Before the presidential election last year, National People’s Power, the leftist party, spent about two years trying to mobilize women like Ms. Maduwanthi. Women, Dr. Amarasuriya and other party leaders argued at the time, were looking for someone to champion the issues they felt strongly about.

After female voters helped lift Mr. Dissanayake to victory in the presidential vote, the party won an absolute majority in Parliament weeks later. In many districts, women won handily.

Dr. Amarasuriya, running in Colombo, broke a record for votes that had been held by Mahinda Rajapaksa, a former prime minister, president and war hero and the older brother of Gotabaya Rajapaksa, the president who was ousted in 2022.

The ample victories by Dr. Amarasuriya and other women shattered a myth that female politicians could not win, she said. Her party raised money centrally and distributed it evenly to female and male candidates to overcome disadvantages that women face.

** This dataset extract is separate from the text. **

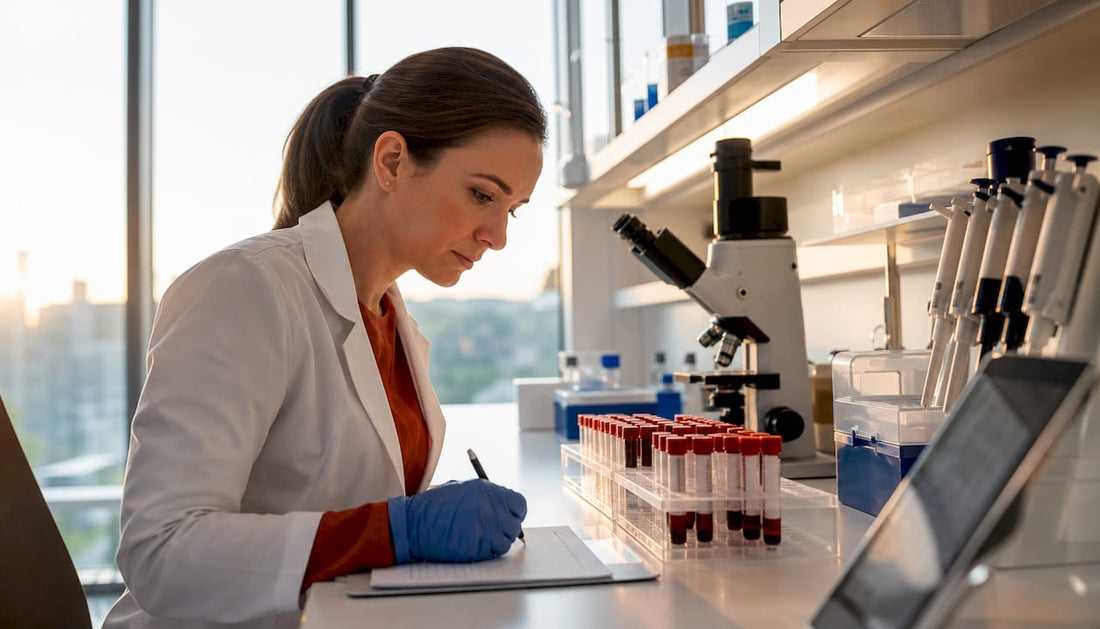 Researcher examining blood samples in a lab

The number of women in Parliament doubled. Still, the country has far to go — women still make up just 10 percent of lawmakers. There are only two women among the 21 ministers in Mr. Dissanayake’s cabinet.

Dr. Amarasuriya and other female leaders said they were disappointed with those numbers. But the work of making the political culture gender-inclusive is not just about numbers, Dr. Amarasuriya said, but also a “constant process” to influence and sensitize policymaking and day-to-day governance.

The party says it is focused on entrenching its mobilization of women to get more of them into leadership positions at lower levels of politics. The goal, it says, is to remove the pretext that there are not enough female leaders to be tapped for more prominent roles.

Across 13,000 of the 14,000 grama niladhari, the smallest units of Sri Lanka’s local governance, the party has established women’s committees, according to Saroja Savithri Paulraj, the women’s affairs minister.

On a Sunday afternoon in a suburb of Colombo, a new committee was being inaugurated. The organizers had canvassed door to door, collected information and created WhatsApp groups. About 100 people trickled in and sat in plastic chairs in the courtyard of a house.

Samanmalee Gunasinghe, the local member of Parliament, took to the mic. “We used to be flower pots on the political stage,” Ms. Gunasinghe said. “They would take our votes and throw us into the fire afterward, abandoning us with our children.”

Now, she said, the women’s committees have created a space “where we can shout together.”